Work instruction> Everything in the records below is to be reproduced exactly, apart from the images.

Data excerpts>
>>>>

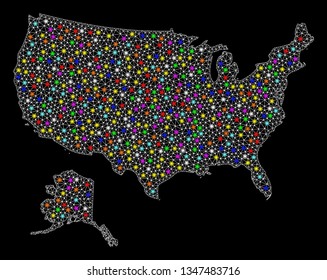 Polygonal vector map of USA and Alaska with glow effect on a black background. Abstract triangles, lines, light colorful spots, points forms map of USA and Alaska. White mesh,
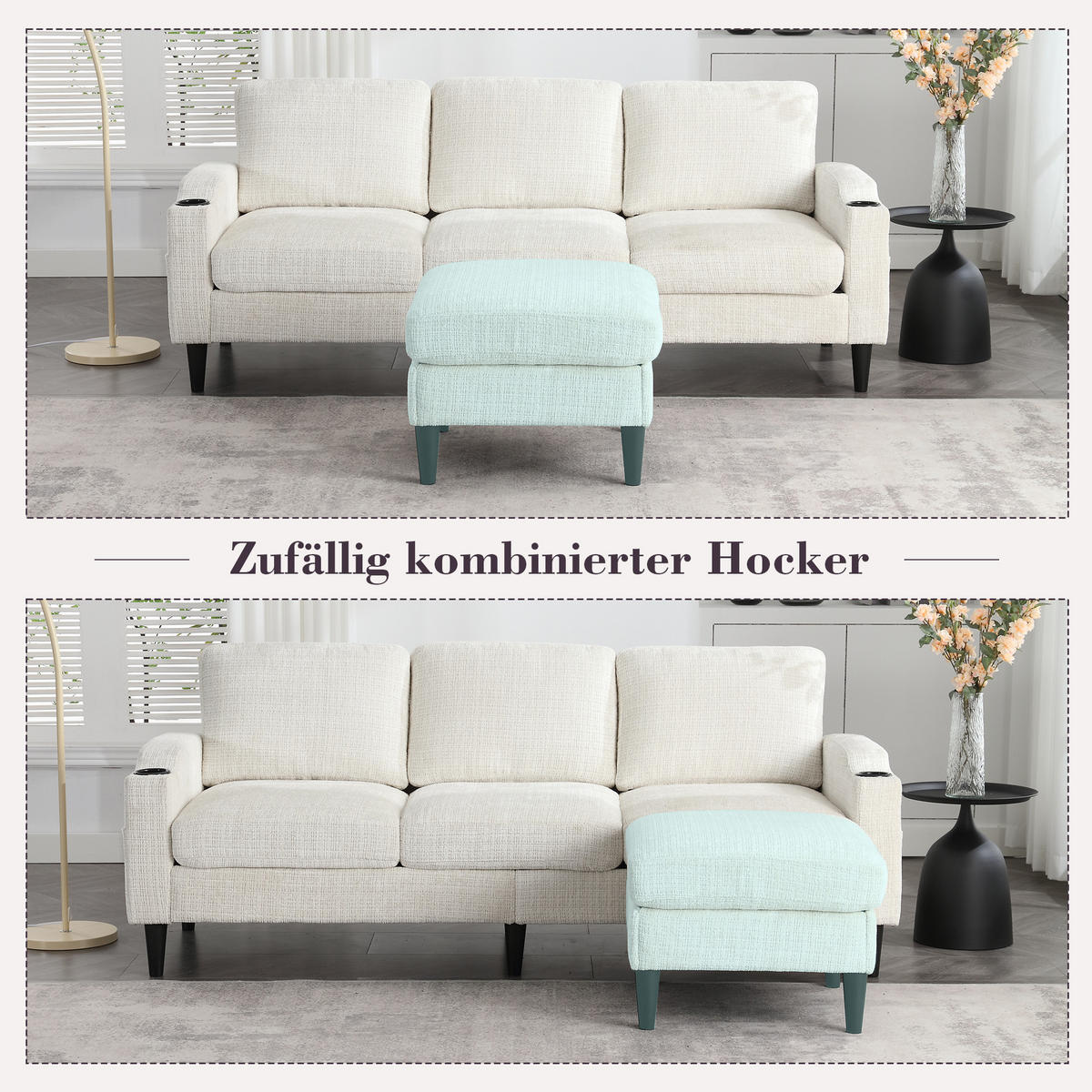 SITZGARNITUR 4-Sitzer Chenille Beige mit Hocker, Stauraum, Getränkehaltern und Seitentaschen - Beige, Holzwerkstoff/Kunststoff (196.5/77/75cm) - WISHDOR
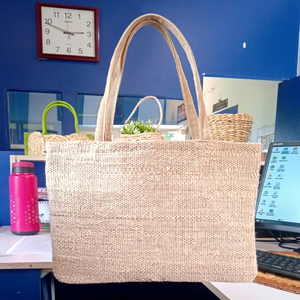 Premium Handmade Banana Fiber Two-Side <b>Mat</b> Tote Bag Eco-Friendly Woven Handbag <b>Large</b> Capacity Portable Reusable Bag for Resale - Product Image 1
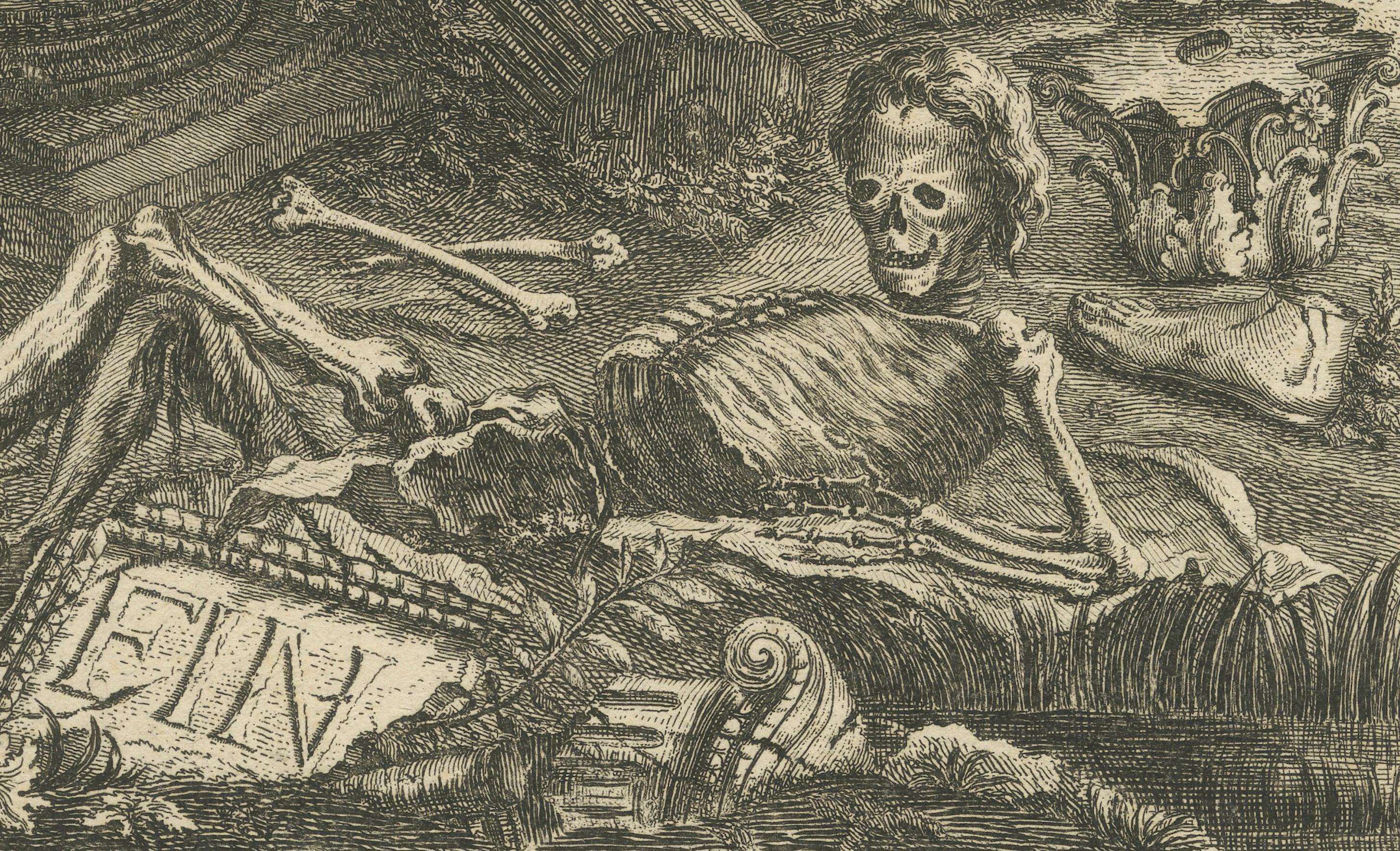 Mid-18th Century Engraving of Julius Ceasar's Ruins and Skeleton: A Charpentier Vanitas, 1757 For Sale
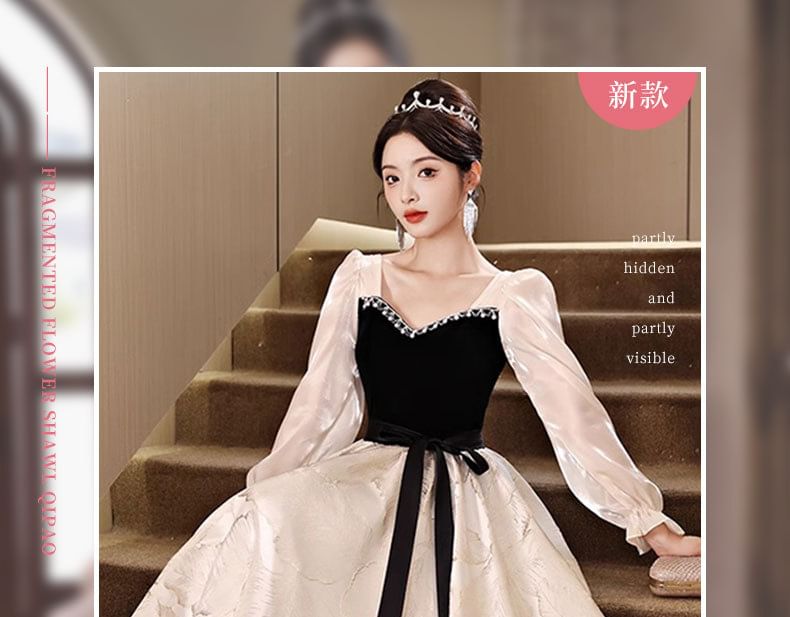 Long-Sleeve Square Neck Two Tone  Evening Gown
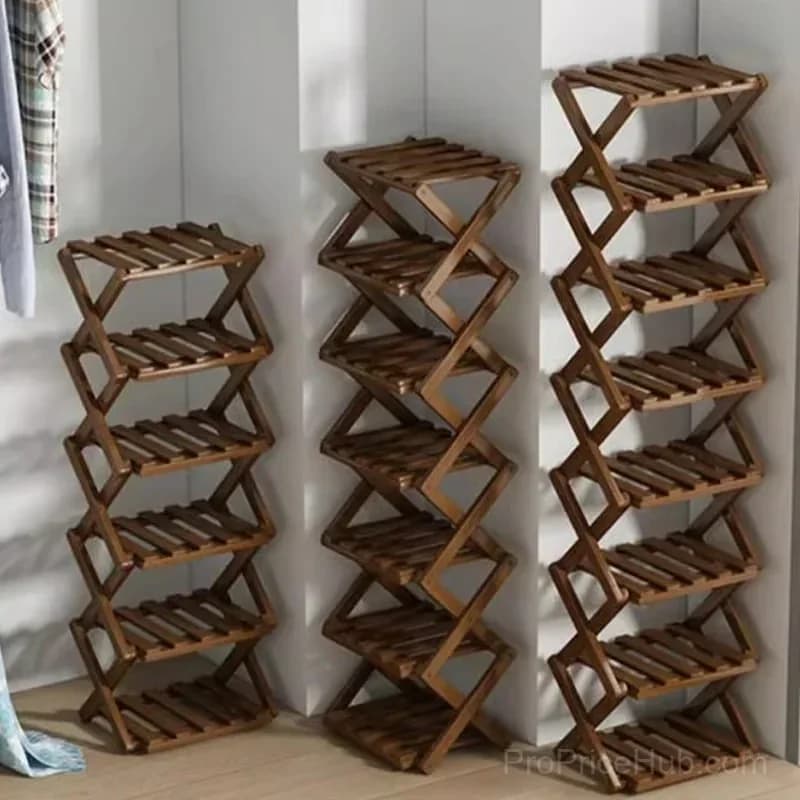 Durable Foldable Bamboo Shoe Rack, Brown, 2-Tier - View 6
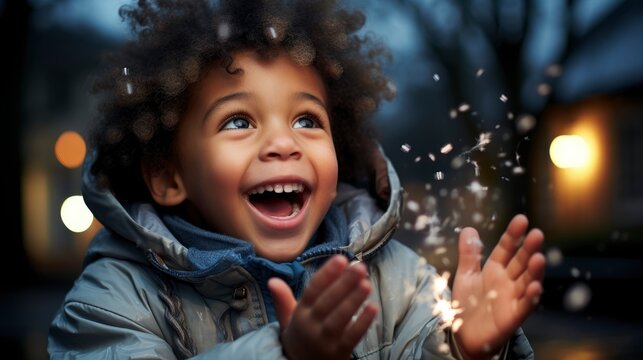 A Childs Excited Reaction To Christmas Lights, Background Images , Hd Wallpapers, Background Image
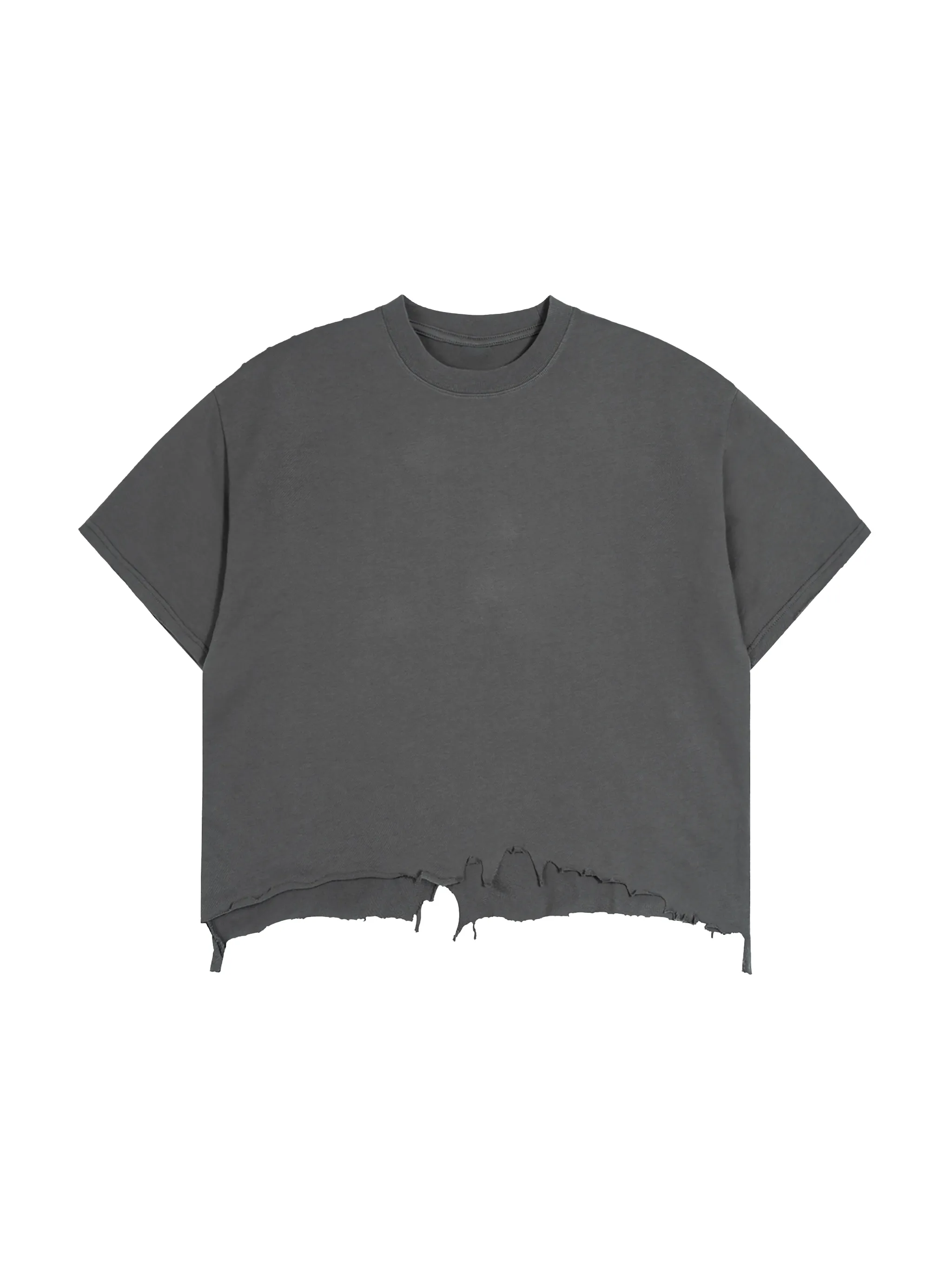 Vintage Wash Boxy Distressed Hem T-Shirt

<<<<

Output for this exercise>
 Polygonal vector map of USA and Alaska with glow effect on a black background. Abstract triangles, lines, light colorful spots, points forms map of USA and Alaska. White mesh,
 SITZGARNITUR 4-Sitzer Chenille Beige mit Hocker, Stauraum, Getränkehaltern und Seitentaschen - Beige, Holzwerkstoff/Kunststoff (196.5/77/75cm) - WISHDOR
 Premium Handmade Banana Fiber Two-Side <b>Mat</b> Tote Bag Eco-Friendly Woven Handbag <b>Large</b> Capacity Portable Reusable Bag for Resale - Product Image 1
 Mid-18th Century Engraving of Julius Ceasar's Ruins and Skeleton: A Charpentier Vanitas, 1757 For Sale
 Long-Sleeve Square Neck Two Tone  Evening Gown
 Durable Foldable Bamboo Shoe Rack, Brown, 2-Tier - View 6
 A Childs Excited Reaction To Christmas Lights, Background Images , Hd Wallpapers, Background Image
 Vintage Wash Boxy Distressed Hem T-Shirt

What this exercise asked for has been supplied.